One idea behind the optional tags in ICC profiles was to allow for such
settings to be included in the ICC profile itself, so that upon choosing a
profile, driver specific metadata in that profile could be used to
autopopulate the driver settings so that the printing conditions for that
profile were reproduced. So there's that paradigm.
And another would be for the user to choose driver settings (or a preset
containing them), and then for an ICC profile to be chosen automatically
based on those settings.
I think depending on ICC profiles containing metadata to do this is
completely dead in the water. There is no requirement for the profile
builder to populate these tags. There's no support in any package I'm
aware of that populates these tags either, you'd have to use something
like sampleicc or icctoxml to add the tags. I could be wrong but I think
that will go nowhere for the larger ICC market.
So it seems that the ICC profile is just another setting in the driver.
But still, in the case of application prematching, if the application
could pass to the system that chosen profile, the system could look in its
database of presets for that profile and choose a default preset of driver
settings that calls for that profile. This avoids end user error and is
quite elegant.
Comment 2:
What is "CMS off" isn't always the same for every printer. Many consumer
printers are increasingly only accepting/assuming sRGB input, there is no
"wider gamut RGB/CMYK" path, let alone DeviceN. So is this CMS off?
Well...not really. Can we profile over this behavior? Maybe.
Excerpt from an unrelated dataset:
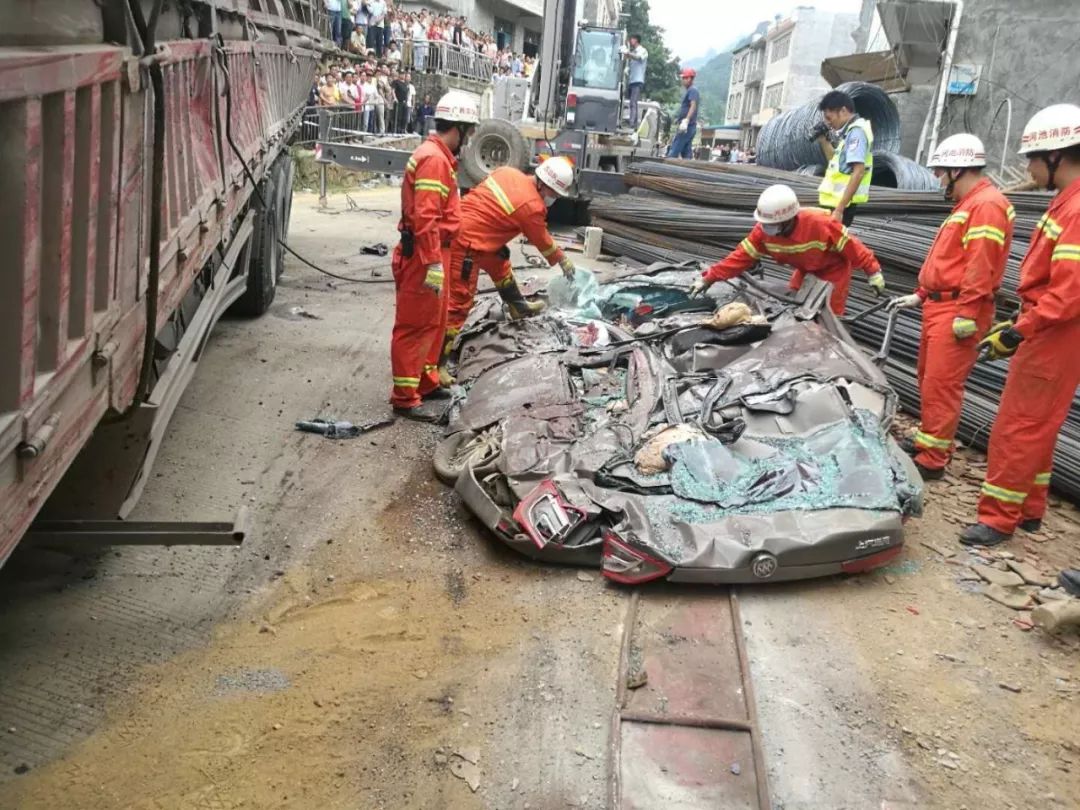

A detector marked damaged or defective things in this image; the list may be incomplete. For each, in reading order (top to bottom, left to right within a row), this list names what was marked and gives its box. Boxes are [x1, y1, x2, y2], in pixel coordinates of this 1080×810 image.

damaged vehicle roof [434, 262, 924, 584]
crushed car [434, 262, 924, 584]
overturned truck [434, 262, 924, 584]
I think it's
a problem to propose these are all the same thing to users.
Chris Murphy
On Jan 17, 2011, at 6:49 AM, edmund ronald wrote:
> Hi folks, I'm a color consultant providing some input to Robert re.
> Gutenprint color management.
>
> My feeling is that it is very important not only to be able to turn
> all CMS off for a printer, but also to be able to cleanly save and
> recall complete print setting configurations - and serialize them. In
> other words, if I determine a bunch of settings that I want to use for
> printing profiled on BizarreBoardPaper with an Epson 9880, I want to
> be able to cleanly export this, and ship it to someone who needs this
> paper/ink/profile knowledge and who may then choose to reprofile or
> relinearize on his own machine when he gets it. Profiles are useful
> for consumers but pros often do them upstream, however ink settings
> are fundamental for consumer and pro alike.
>
> Edmund
>
> On Mon, Jan 17, 2011 at 10:38 AM, Richard Hughes <hughsient at gmail.com>
wrote:
>> On 17 January 2011 02:48, Robert Krawitz <rlk at alum.mit.edu> wrote:
>>> 1) From the Gutenprint perspective, it's very important to be able to
>>> turn this off selectively (for the purposes of profiling, if
>>> nothing else). The inability to turn off ColorSync has been a
>>> major thorn in the side of a lot of our Mac users, and is actually
>>> impeding progress in regards creating a color managed workflow with
>>> Gutenprint on that platform.
>>
>> Yes agreed. gnome-color-manager will have to be able to turn this off
>> for profiling too, and I admit there isn't a dedicated method for
>> doing this just yet. It's pretty easy to remove all the profiles for a
>> device, but then you have to trust the profiler to add them all back
>> again after profiling :-)
>>
>> There'll likely be some sort of inhibit interface for the
>> GetProfilesForQualifier method call. Ideas welcome.
>>
>>> 2) High bit depth capability is essential, at least downstream of
>>> colord. Both CUPS and Gutenprint can handle 16 bits just fine, but
>>> it's important that the transformation not lose information from
>>> the data provided by the user.
>>
>> I'm quite keen on having colord stay away from pixel manipulation. I
>> think that's much better placed in the driver itself, using something
>> like lcms. Colord should concentrate on being a smart storage unit
>> that can be queried by CUPS for specific bits of data.